← All courses

Interfaces, Inheritance & Abstract Classes

🗓 May 31, 2026 ⏱ 2 min read

Inheritance

Inheritance lets one class reuse and extend another. In Kotlin, classes are final by default — you must mark a class open before it can be inherited, and mark methods open before they can be overridden. This prevents accidental, fragile hierarchies.

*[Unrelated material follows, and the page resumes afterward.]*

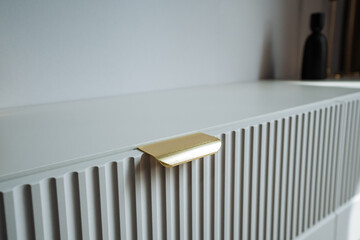 Modern Interior Dcor Featuring Textured Storage Unit and Gold Accents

open class Animal(val name: String) {
    open fun sound(): String = "..."
    fun describe() = "$name says ${sound()}"
}

class Dog(name: String) : Animal(name) {
    override fun sound() = "Woof"
}

class Cat(name: String) : Animal(name) {
    override fun sound() = "Meow"
}

println(Dog("Rex").describe())   // Rex says Woof

Abstract classes

An abstract class cannot be created directly; it defines a partial template that subclasses must complete.

abstract class Shape {
    abstract fun area(): Double          // must be implemented
    fun describe() = "Area is ${area()}" // shared logic
}

class Circle(val r: Double) : Shape() {
    override fun area() = Math.PI * r * r
}

Interfaces

An interface is a contract: a list of functions a class promises to provide. A class can implement many interfaces (but inherit only one class), which makes interfaces the main tool for flexible design.

interface Clickable {
    fun onClick()
    fun onLongClick() = println("default long click")  // can have a default
}

interface Focusable {
    fun onFocus()
}

class Button : Clickable, Focusable {
    override fun onClick() = println("clicked")
    override fun onFocus() = println("focused")
}

Interface vs abstract class

  • Use an interface to describe a capability that many unrelated classes can have (Clickable, Comparable). A class can implement several.
  • Use an abstract class when classes share a common base and some real implementation/state.

Polymorphism in action

val animals: List<Animal> = listOf(Dog("Rex"), Cat("Tom"))
animals.forEach { println(it.sound()) }   // Woof, Meow

Common mistakes

  • Forgetting open and wondering why you can’t inherit/override.
  • Building deep inheritance trees — prefer interfaces and composition.
  • Putting state in an interface — interfaces can’t hold backing fields.
Summary: Classes are final unless open. Use interfaces for capabilities (many per class), abstract classes for a shared base with state. Favour composition over deep inheritance.